[Opening Exercise data section]
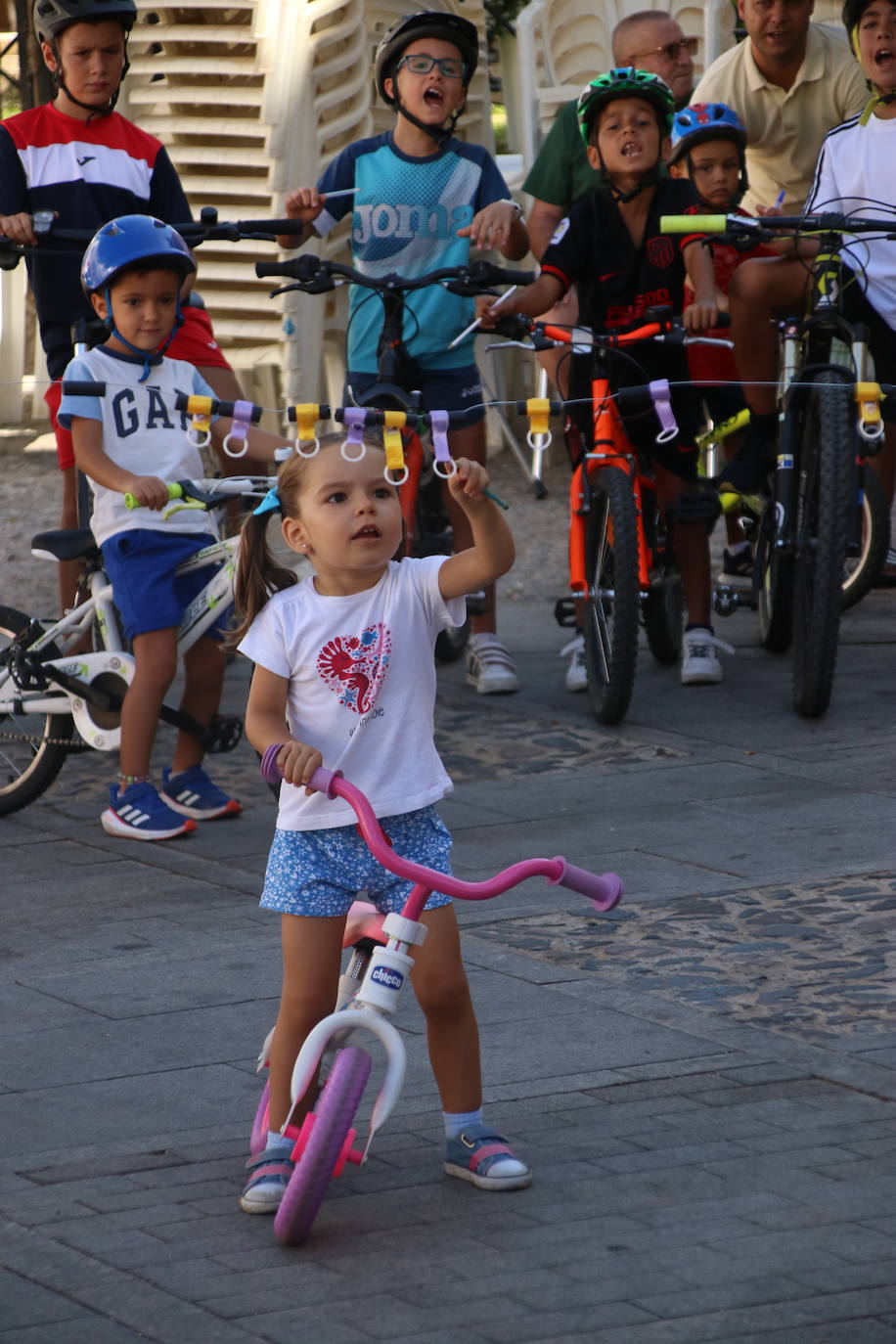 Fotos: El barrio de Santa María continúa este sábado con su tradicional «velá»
[Closing Exercise data section]
[Opening Exercise data section]
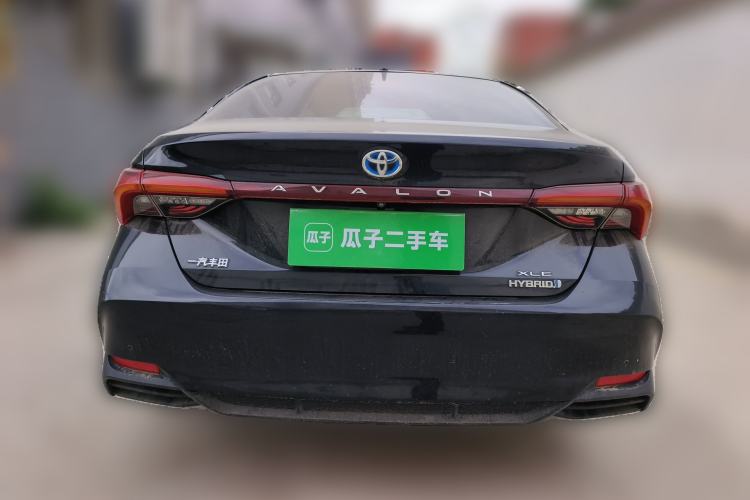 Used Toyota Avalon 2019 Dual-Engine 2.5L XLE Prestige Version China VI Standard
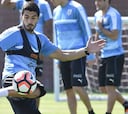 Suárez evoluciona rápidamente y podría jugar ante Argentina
[Closing Exercise data section]
» Task requirements:
Working from the data above, repeat exactly, and only, the lines that begin at the line containing "Used Toyota Avalon" and stop after the line containing "Suárez evoluciona rápidamente"; pictures are not copied.

» Answer to this exercise:
 Used Toyota Avalon 2019 Dual-Engine 2.5L XLE Prestige Version China VI Standard
 Suárez evoluciona rápidamente y podría jugar ante Argentina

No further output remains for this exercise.